Update 4/3/2016: I’ve since included a more comprehensive notebook here. Use this version instead of the code posted below.
I need to run some simulations using propensity score matching, but I haven’t been able to find a Python module that does it. So, I’ve taken it upon myself to implement it. This is a serious work in progress, progress being the keyword. I’m definitely the tortoise in this race, slow and steady progress.
Propensity score matching is a method to match case-control pairs in observational studies (or treated-control pairs in quasi-experimental studies) in order to better estimate the effect of the treatment or exposure on the outcome of interest. We first estimate the “propensity” of getting assigned to the treatment group given the other covariates measured, then match pairs with similar propensities. The idea is that the individuals in these pairs have similar levels of other confounding variables, so in a sense we can see the effect of the treatment with the other things held constant.
The tricky thing about propensity score matching is that there’s no one good way to do it. If your estimated propensities are wrong, then you’re screwed right off the bat. But assuming they’re alright, then how do you pick the “best” case-control pairs? You could try every possible pairing and minimize the within-pair differences in propensity, but that’s computationally intensive. What’s typically done is greedy matching, but even then there are a number of factors to decide: in what order do we match cases to controls? Do we match with or without replacement, allowing one control to be matched to one or more cases? Do we use a caliper to set a maximum difference in propensities, and if so how do we pick the caliper?
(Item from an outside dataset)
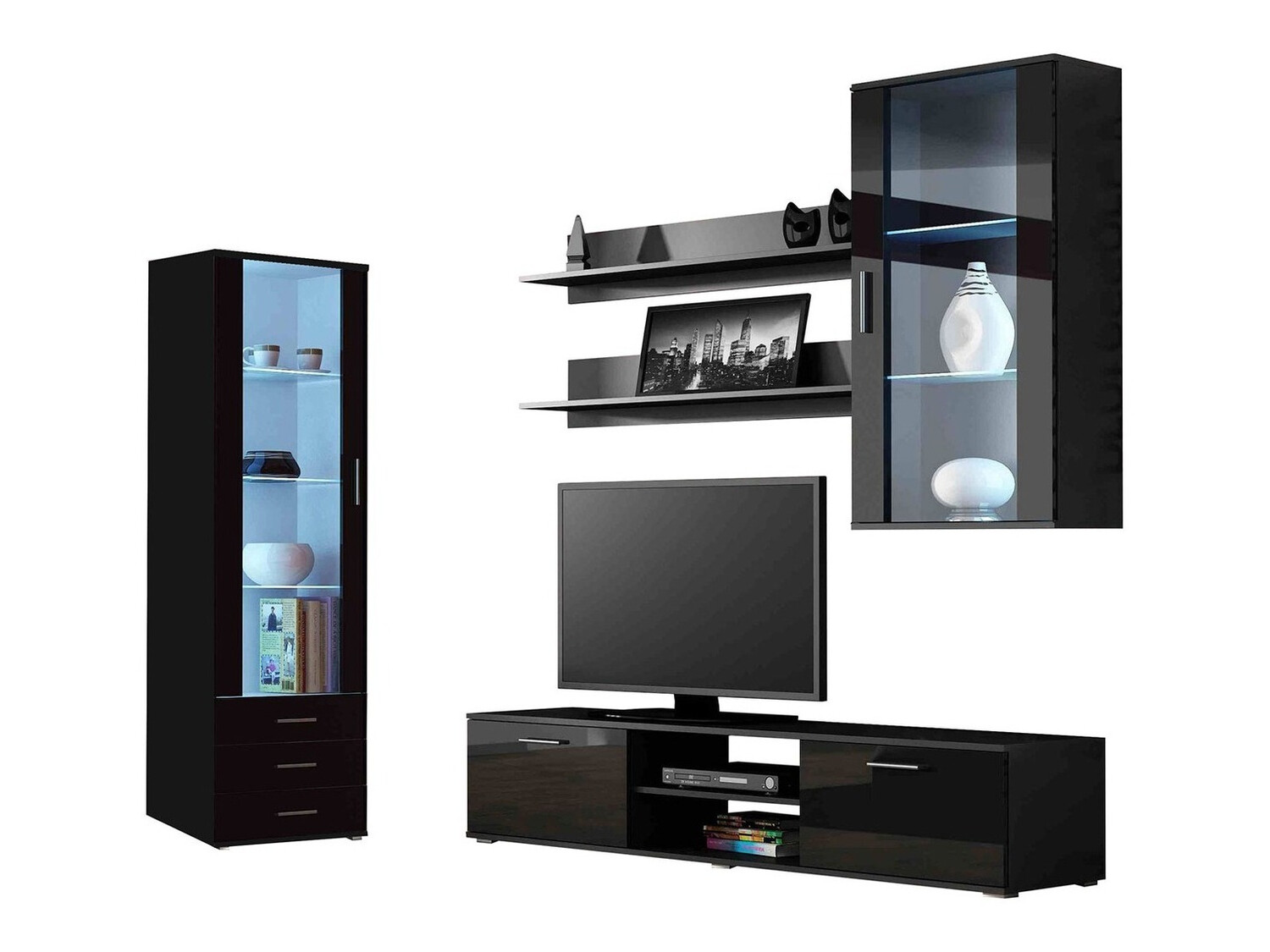 Dnevni prostor Tornola 114 (Črna + Sijaj črna)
I thought I’d share my IPython notebook for this code so far because I’m really enjoying using it. Before, I was just using a basic text editor to write code and copying and pasting it into the terminal, but this is much more elegant. I’ve posted the bit of code that I’ve written so far to GitHub. I set it up to do greedy matching with no replacement and randomized the order of matching the treatment group to controls, with the default caliper set to 0.05 arbitrarily. My IPython notebook uses the Dehejia-Wahba sample data from “Evaluating the Econometric Evaluations of Training Programs,” available freely here.